19  Iteration without loops

A for loop says how to iterate. map() says what to do. Let R handle the how.

You already know that functions are values (Chapter 7) and that you can pass them to other functions (Section 7.1). This chapter is about what happens when you take that idea seriously. Instead of writing loops that apply a function to each element, you hand the function to a functional: a function whose job is to handle the iteration for you.

This chapter uses three packages. Load them now if you are following along:

library(palmerpenguins)
library(purrr)
library(dplyr)

We will work with the penguins data split by species throughout this chapter:

penguins_split <- split(penguins, penguins$species)
names(penguins_split)
#> [1] "Adelie"    "Chinstrap" "Gentoo"

Three data frames, one per species. Most of the chapter is about doing something to each of them.

19.1 The problem with for loops

Suppose you want the mean body mass for each species. Here is the loop version:

results <- vector("list", length(penguins_split))
for (i in seq_along(penguins_split)) {
  results[[i]] <- mean(penguins_split[[i]]$body_mass_g, na.rm = TRUE)
}
names(results) <- names(penguins_split)
results
#> $Adelie
#> [1] 3700.662
#> 
#> $Chinstrap
#> [1] 3733.088
#> 
#> $Gentoo
#> [1] 5076.016

Six lines to say “compute the mean mass for each group.” Most of the code is bookkeeping: pre-allocate a container, set up an index, store results, copy names. The actual computation, mean(df$body_mass_g, na.rm = TRUE), is buried in the middle.

A functional says the same thing in one line:

map_dbl(penguins_split, \(df) mean(df$body_mass_g, na.rm = TRUE))
#>    Adelie Chinstrap    Gentoo 
#>  3700.662  3733.088  5076.016

Same answer. No index variable, no pre-allocation, no name copying. You said what to compute; map_dbl handled the iteration.

The problem with for loops is not performance.
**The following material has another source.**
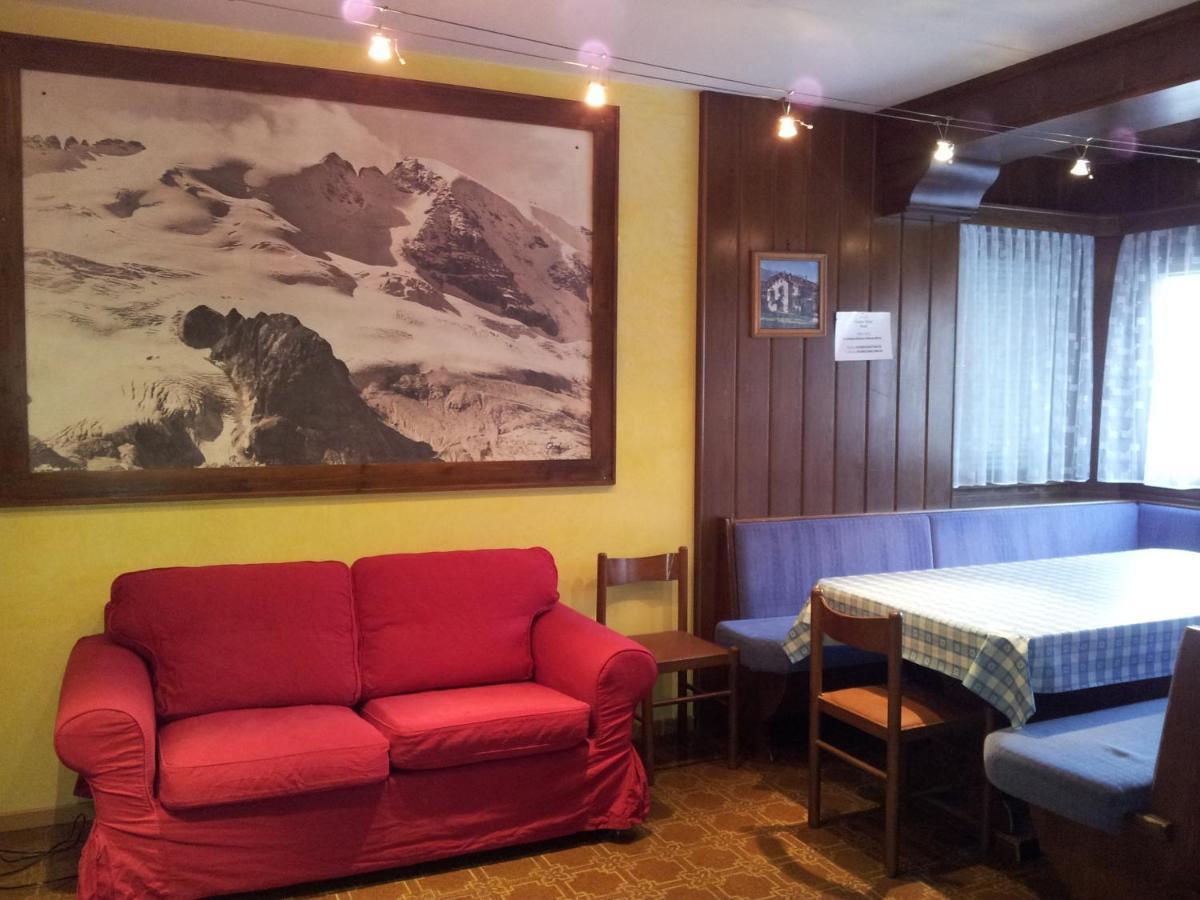 Chalet Helen アラッバ 部屋 写真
In modern R, a well-written loop is fast. The problem is that loops mix the mechanism of iteration (allocate, index, store) with the content of the computation (compute a mean). Functionals separate the two. The mechanism goes inside the functional; the content goes in the function you pass to it.

TipOpinion

For loops are not bad R. They are verbose R. If you find yourself writing the same loop pattern repeatedly, a functional is waiting to replace it.

Exercises

  1. Write a for loop that computes the number of rows in each element of penguins_split. Then rewrite it using map_int() and nrow.
  2. What happens if you forget to pre-allocate results and instead grow it with results <- c(results, value) inside a loop? Why is this slower?
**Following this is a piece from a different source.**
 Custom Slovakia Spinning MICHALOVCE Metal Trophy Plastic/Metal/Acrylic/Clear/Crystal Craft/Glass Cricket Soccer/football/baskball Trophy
19.2 lapply() and sapply(): base R functionals

The idea of handing a function to something that applies it to every element in a collection goes back to Lisp. John McCarthy’s 1960 paper described mapcar, a function that takes a function and a list and returns a new list with the function applied to each element. The name map became standard in later languages (Scheme, ML, Haskell), and R inherited the concept twice: once through lapply() in base R, and again through purrr::map() in the tidyverse. The mechanism is always the same. You separate what to do from how to iterate, and let the language handle the second part. lapply() is R’s oldest version of that idea:

lapply(penguins_split, \(df) mean(df$body_mass_g, na.rm = TRUE))
#> $Adelie
#> [1] 3700.662
#> 
#> $Chinstrap
#> [1] 3733.088
#> 
#> $Gentoo
#> [1] 5076.016

lapply(x, f) applies f to each element of x and returns a list. Always a list. That predictability is its strength.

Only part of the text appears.